ABOUT THIS EXERCISE:
Only the lines from the one with "Determined women crawling" through the last line of the data below are to be duplicated, exactly and without pictures.

GIVEN MATERIAL:

--- START ---

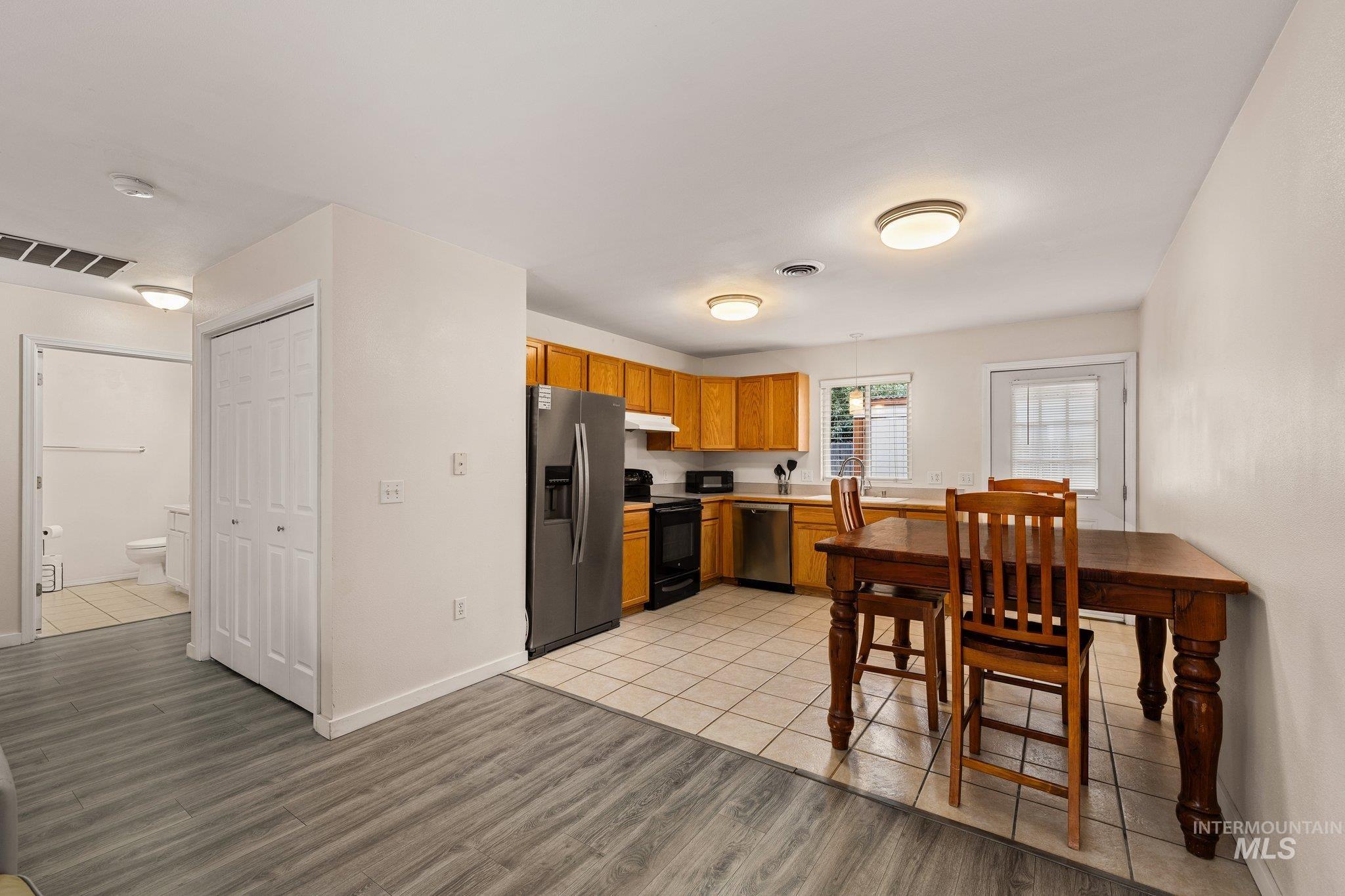 Kitchen with brown cabinetry, appliances with stainless steel finishes, light countertops, light wood-style flooring, and under cabinet range hood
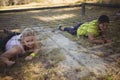Determined women crawling under the net during obstacle course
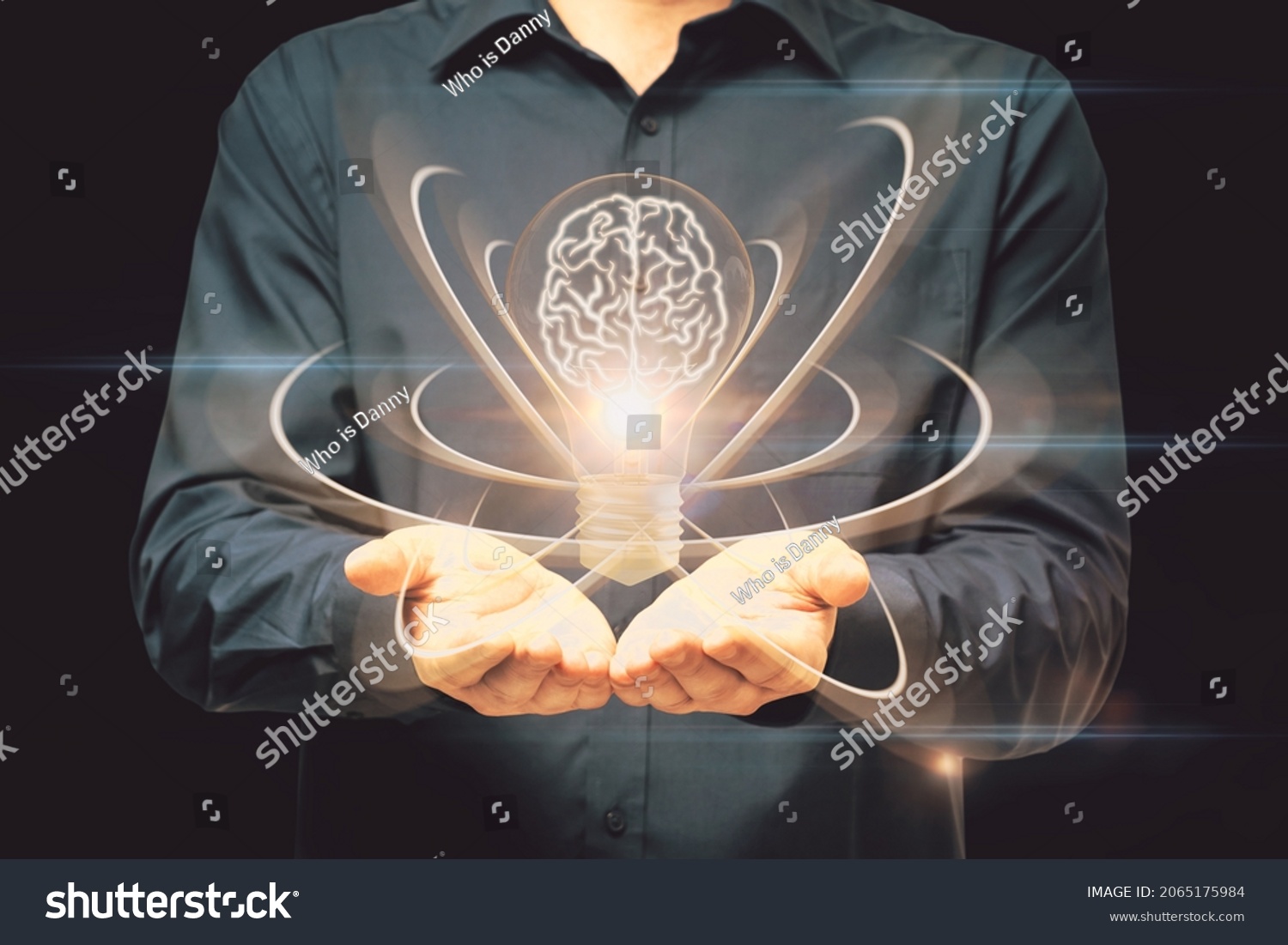 Close up of male hand holding abstract light bulb on dark wide background with digital brain and atom outline. Artificial intelligence, science and innovation concept #2065175984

--- END ---

TASK SOLUTION:
Determined women crawling under the net during obstacle course
 Close up of male hand holding abstract light bulb on dark wide background with digital brain and atom outline. Artificial intelligence, science and innovation concept #2065175984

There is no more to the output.